*RECORD EXTRACTS*.
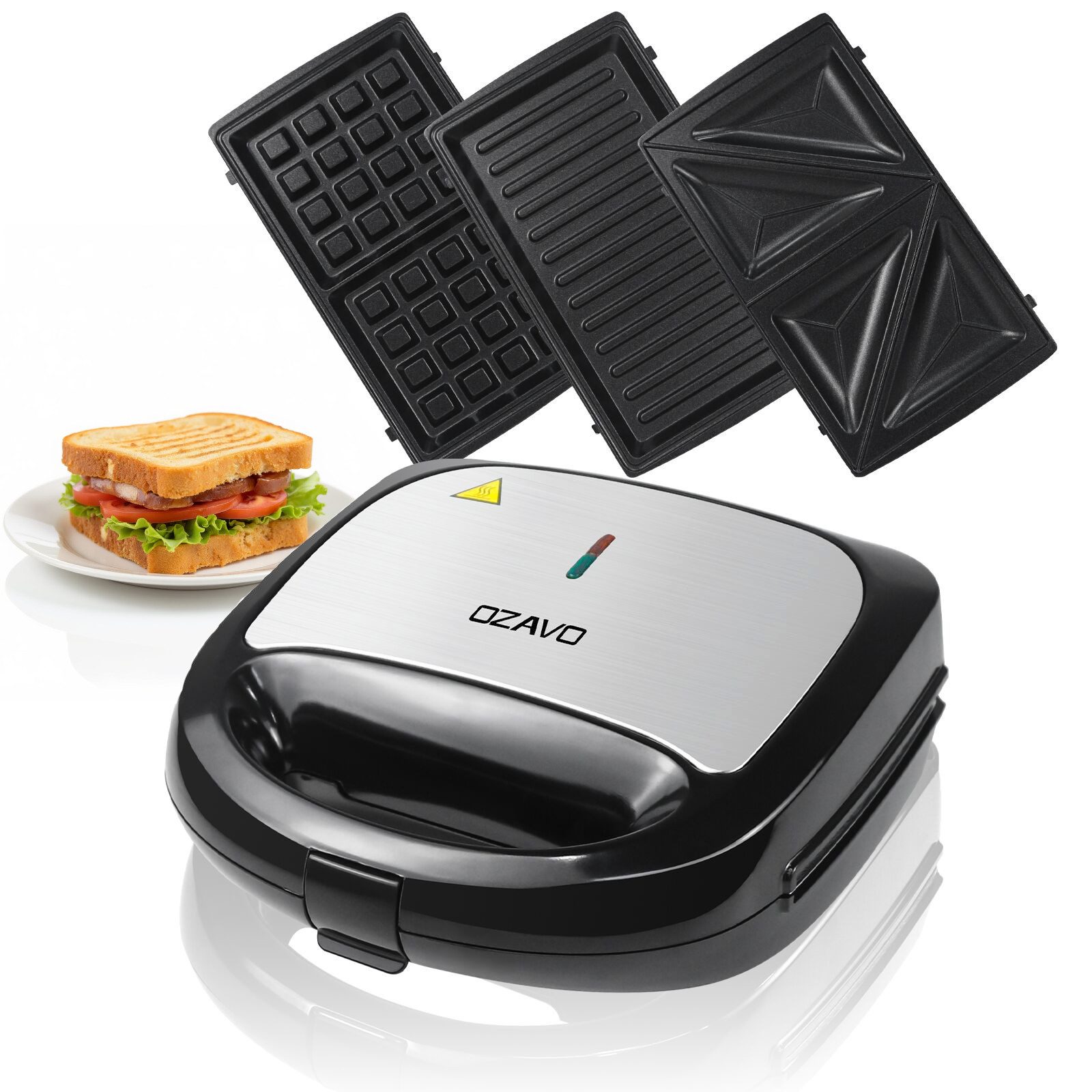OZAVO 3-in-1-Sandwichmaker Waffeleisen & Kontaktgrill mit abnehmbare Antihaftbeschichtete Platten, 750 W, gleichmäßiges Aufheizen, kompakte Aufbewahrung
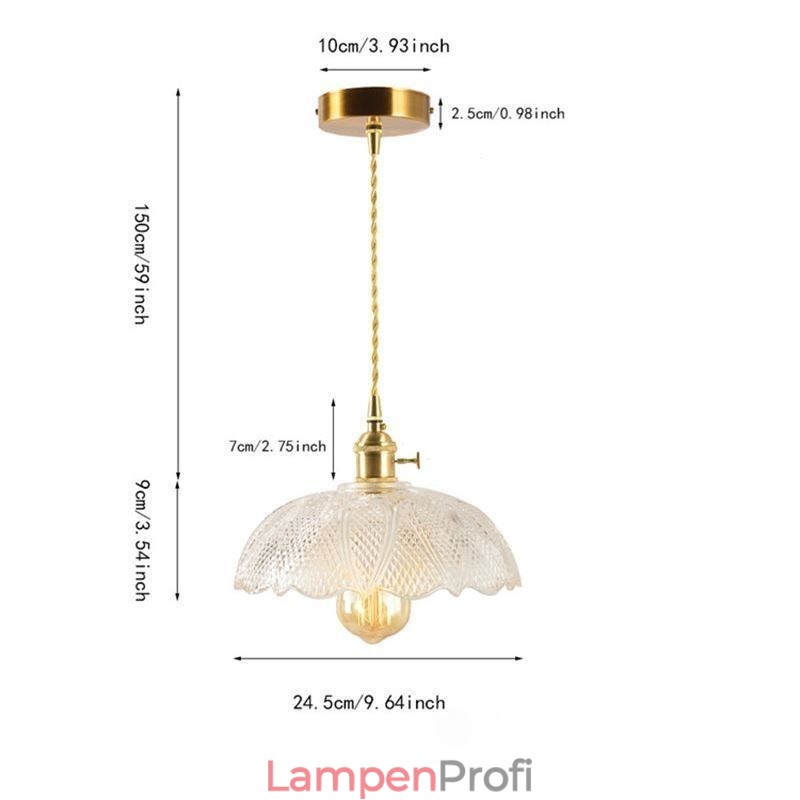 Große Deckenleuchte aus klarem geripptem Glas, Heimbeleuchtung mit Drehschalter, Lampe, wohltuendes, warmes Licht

--

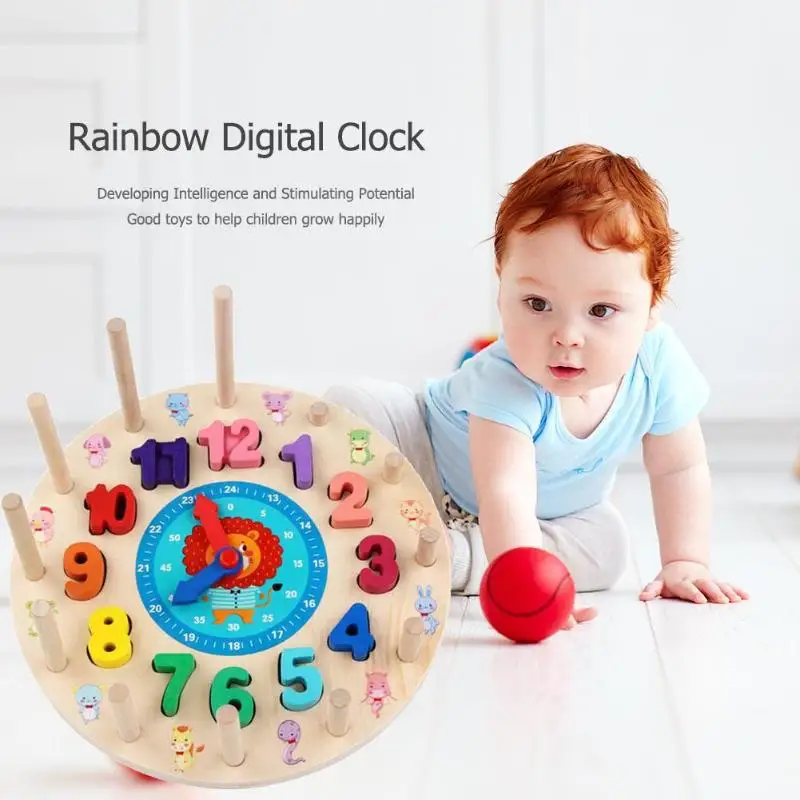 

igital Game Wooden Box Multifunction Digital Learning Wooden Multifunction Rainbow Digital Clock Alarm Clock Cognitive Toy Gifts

*INSTRUCTIONS TO FOLLOW*. Print, word for word, the lines above that run from the line containing "OZAVO 3-in-1-Sandwichmaker Waffeleisen" to the line containing "Große Deckenleuchte aus", both included. Keep the pictures out.

*RESULT BELOW*.
OZAVO 3-in-1-Sandwichmaker Waffeleisen & Kontaktgrill mit abnehmbare Antihaftbeschichtete Platten, 750 W, gleichmäßiges Aufheizen, kompakte Aufbewahrung
 Große Deckenleuchte aus klarem geripptem Glas, Heimbeleuchtung mit Drehschalter, Lampe, wohltuendes, warmes Licht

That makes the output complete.